-- The problem --
Take the entries below and print, exactly, the stretch from the line containing "Speciaal uitgelijnde Gratis" through the line containing "Código de Barras 8029977000778", both included.

Dataset excerpts: Begin

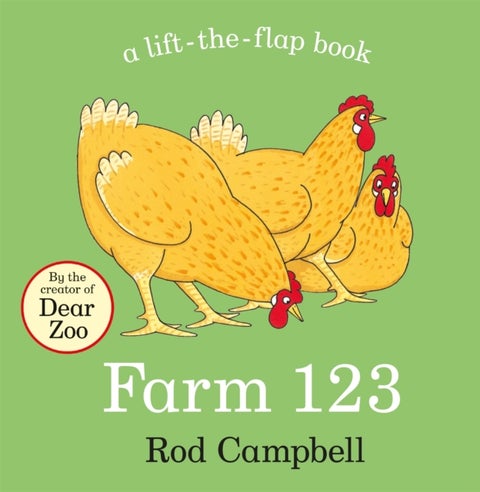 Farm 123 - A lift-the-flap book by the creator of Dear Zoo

Dataset excerpts: End
Dataset excerpts: Begin

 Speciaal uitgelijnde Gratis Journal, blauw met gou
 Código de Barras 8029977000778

Dataset excerpts: End

-- Worked solution --
 Speciaal uitgelijnde Gratis Journal, blauw met gou
 Código de Barras 8029977000778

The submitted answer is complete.